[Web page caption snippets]
---

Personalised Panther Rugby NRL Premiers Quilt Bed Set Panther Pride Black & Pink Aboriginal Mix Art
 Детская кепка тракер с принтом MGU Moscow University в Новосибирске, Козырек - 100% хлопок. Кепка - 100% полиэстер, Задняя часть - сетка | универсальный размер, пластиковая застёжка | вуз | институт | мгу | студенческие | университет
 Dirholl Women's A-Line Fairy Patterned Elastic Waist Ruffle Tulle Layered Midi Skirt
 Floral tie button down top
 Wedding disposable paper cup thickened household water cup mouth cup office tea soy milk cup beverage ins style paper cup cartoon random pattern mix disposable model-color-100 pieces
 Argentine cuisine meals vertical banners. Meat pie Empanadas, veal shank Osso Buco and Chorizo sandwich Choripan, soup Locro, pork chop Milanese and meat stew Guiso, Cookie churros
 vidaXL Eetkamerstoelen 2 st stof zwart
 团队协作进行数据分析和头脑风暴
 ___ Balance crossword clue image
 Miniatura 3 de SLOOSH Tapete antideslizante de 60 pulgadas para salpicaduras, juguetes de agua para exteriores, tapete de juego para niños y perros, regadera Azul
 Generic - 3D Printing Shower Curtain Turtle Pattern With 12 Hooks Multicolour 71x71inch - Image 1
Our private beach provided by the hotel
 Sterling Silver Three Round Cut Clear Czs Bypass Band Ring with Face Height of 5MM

---

Make an exact copy of every line from the one with "Generic - 3D" to the end of the data, with the first and last of those lines included.

RESPONSE TO THE EXERCISE >>
 Generic - 3D Printing Shower Curtain Turtle Pattern With 12 Hooks Multicolour 71x71inch - Image 1
Our private beach provided by the hotel
 Sterling Silver Three Round Cut Clear Czs Bypass Band Ring with Face Height of 5MM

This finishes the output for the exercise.